The week began with what will likely be our only Kumbaya moment. Monday was a high-energy love fest fueled by positive thinking, rising expectations from a string of announcements about head of states’ attendance plans, a weeks-long international public relations effort to reframe failure as success, genuine good intentions, and an incredible welcome from Copenhagen. The day was capped off with a free rock concert downtown.
On day two, we began to slip backwards into a collection of struggles. The Danish Prime Minister, Lars Løkke Rasmussen, was accused of engaging in WTO-style “green room” tactics, a reference to the WTO decision-making practice of framing important decisions in closed meetings with powerful nations. Rasmussen apparently produced a “secret” negotiating text and discussed it extensively with G20 nations, but hardly at all with countries outside that circle.
On day three, another obstacle emerged, as Tuvalu insisted that its six-month old proposal to adopt a more strigent set of climate change measures be discussed prior to any other business. Tuvalu, a small island state that may soon cease to exist as a result of rising seas produced by climate change, legitimately regards the current negotiations as a life or death matter and is unwilling to sign a death warrant for itself. Plenary sessions in that portion of the talks were suspended in favor of private informal sessions (the type of session that actually gets most of the work done) to figure out what to do. China and India spoke against the Tuvalu proposal, and Western press was quick to interpret that as a division within the previously solid G77 and China negotiating block.
Day four consisted of mostly private informal sessions and working groups with no significant progress announced and lots of evidence of deteriorating negotiations. The Sudanese head of the G77 and China negotiating group, Lumumba Stanislaus Di-Aping, walked out of a COP15 meeting and told reporters “things are not going well.”
And now here we are, in the midst of day five, with the feel good story of all time running in reverse. I just left a G77 and China briefing for NGOs conducted by Di-Aping and it is very clear that the situation is still not good. Di-Aping ripped into Western NGOs saying that “you have become an instrument of your governments” and a “tool of a small group of industrialists”. His target was the mainstream, “big green” environmental organizations in the United States who have been supportive of weak domestic U.S. climate legislation. That legislation has in turn become the basis for the U.S. negotiating position here in Copenhagen.

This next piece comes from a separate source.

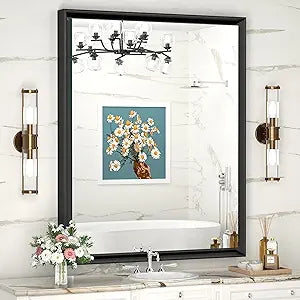 Vosuja 24x36 Inch Black Bathroom Mirror with Metal Frame
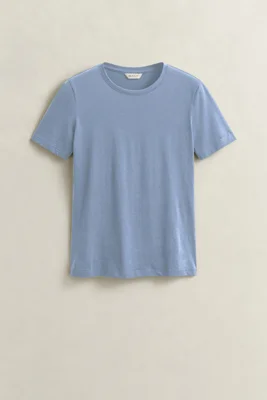 GANT - Lett bomulls T-skjorte med rund hals til dame palace blue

It will be very interesting to see what happens over the next several days. A series of large demonstrations are planned beginning tomorrow. There will be at least one major action per day continuing through next Wednesday. The common theme running through them all is climate justice; climate chaos cannot be addressed within a system that is so grievously inequitable. That is also the basic rupture inside the Bella Center, where the Copenhagen Climate Conference is being held.
It is quite possible that by next Wednesday, the last day of the high level portion of this conference, the day before heads of state arrive, some of the people on the inside might decide they like the company better in the streets.